§ Exercise materials
== Segment start ==

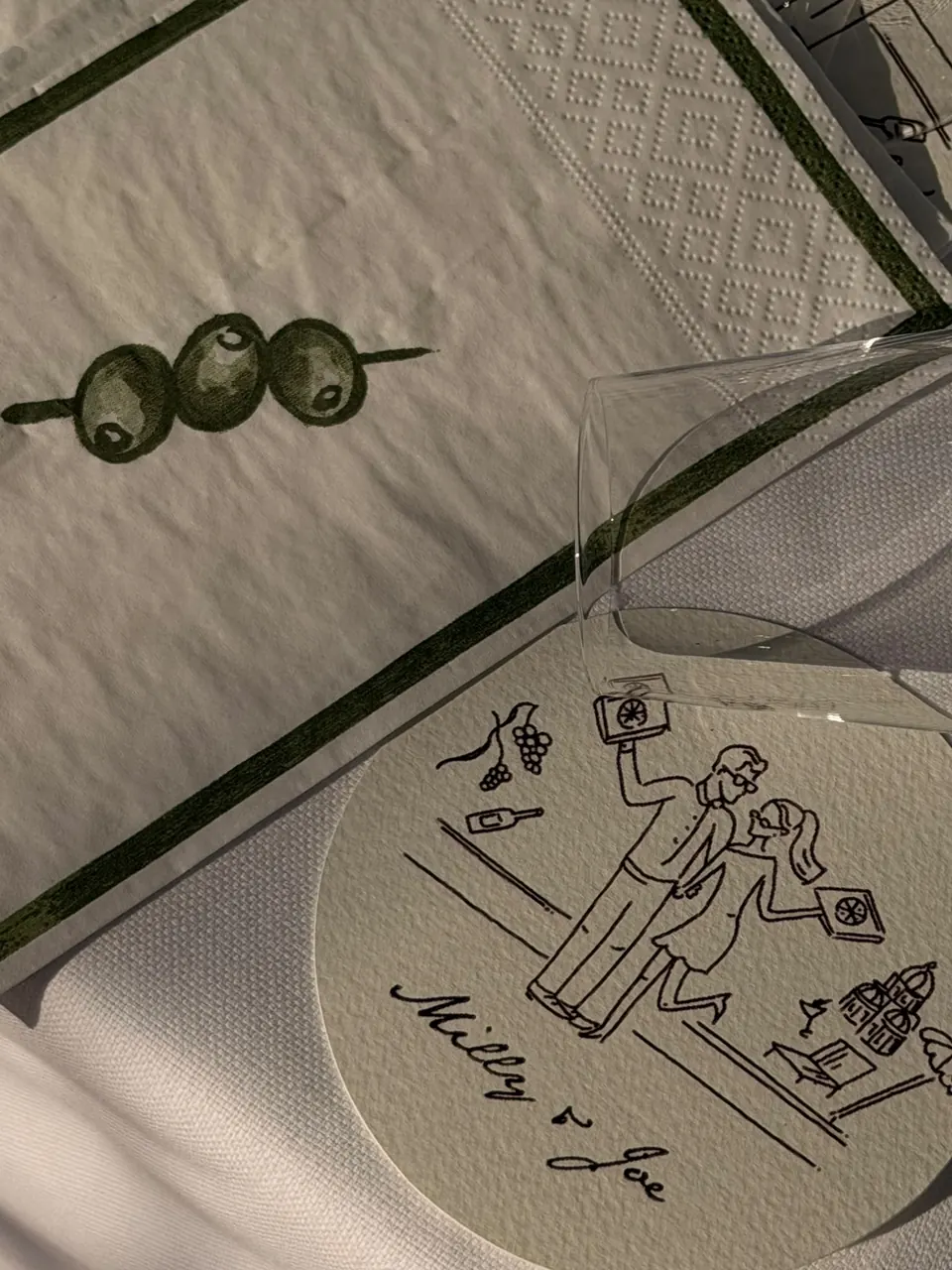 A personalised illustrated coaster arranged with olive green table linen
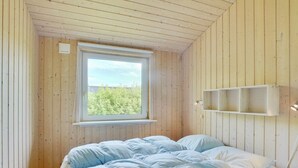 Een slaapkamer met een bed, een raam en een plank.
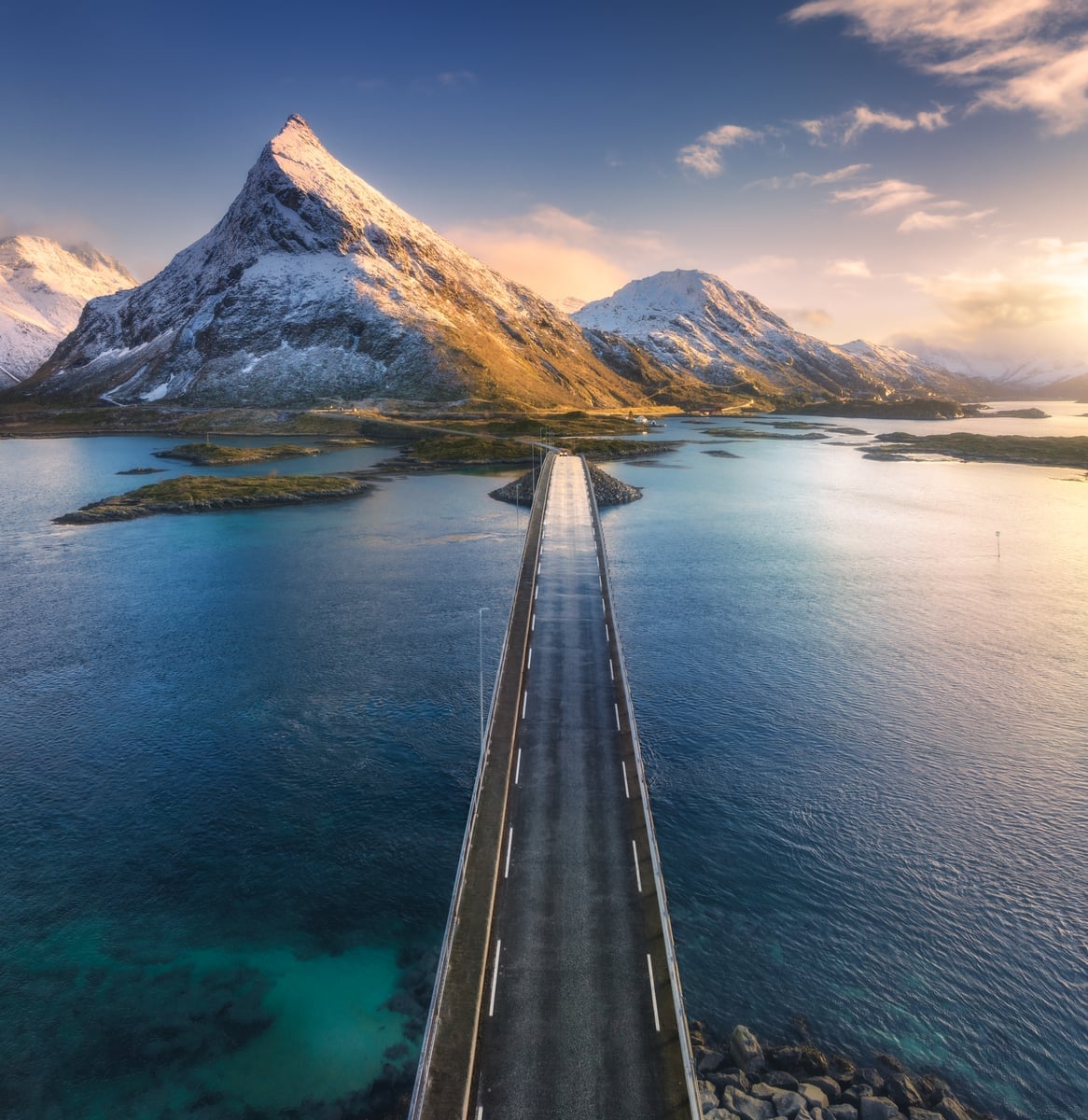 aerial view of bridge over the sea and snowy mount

== Segment end ==
== Segment start ==

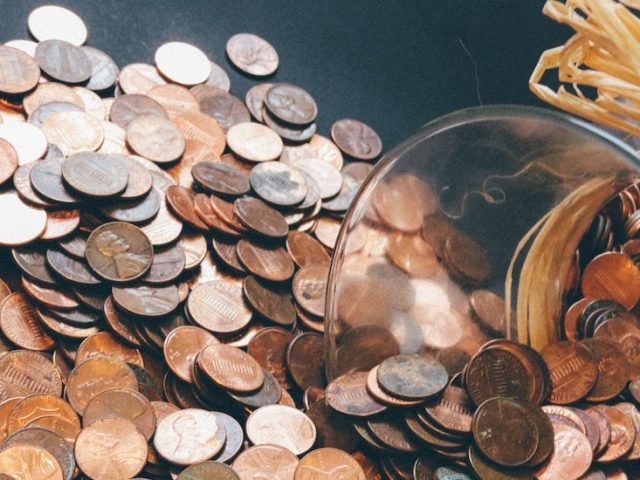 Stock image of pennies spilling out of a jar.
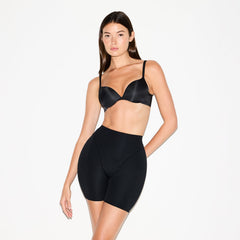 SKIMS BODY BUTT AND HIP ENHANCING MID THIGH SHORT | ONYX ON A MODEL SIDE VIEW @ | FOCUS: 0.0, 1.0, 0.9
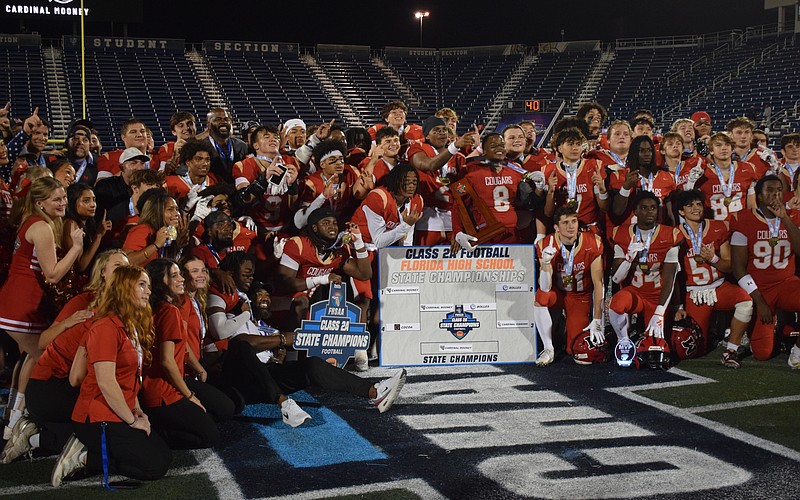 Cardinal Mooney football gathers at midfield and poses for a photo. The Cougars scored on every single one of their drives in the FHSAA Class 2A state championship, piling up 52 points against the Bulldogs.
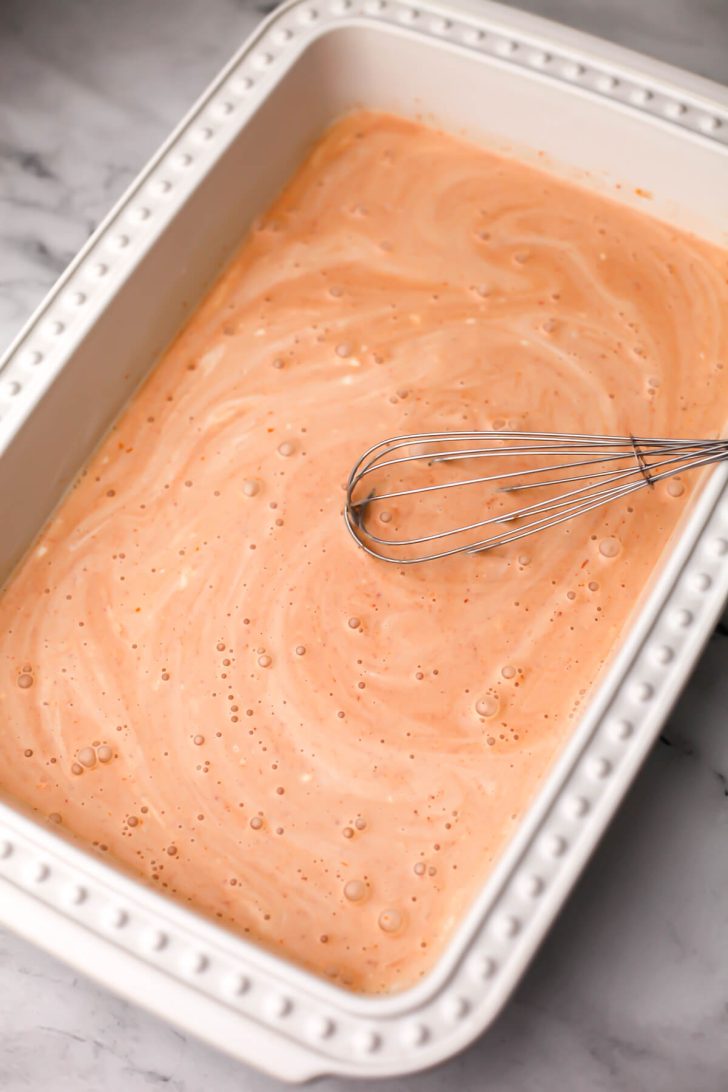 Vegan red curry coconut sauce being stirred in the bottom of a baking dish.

== Segment end ==

Beginning with the line that contains "SKIMS BODY BUTT" and ending with the line that contains "Vegan red curry", reproduce the listing exactly, pictures excluded.

§ Output of the task
 SKIMS BODY BUTT AND HIP ENHANCING MID THIGH SHORT | ONYX ON A MODEL SIDE VIEW @ | FOCUS: 0.0, 1.0, 0.9
 Cardinal Mooney football gathers at midfield and poses for a photo. The Cougars scored on every single one of their drives in the FHSAA Class 2A state championship, piling up 52 points against the Bulldogs.
 Vegan red curry coconut sauce being stirred in the bottom of a baking dish.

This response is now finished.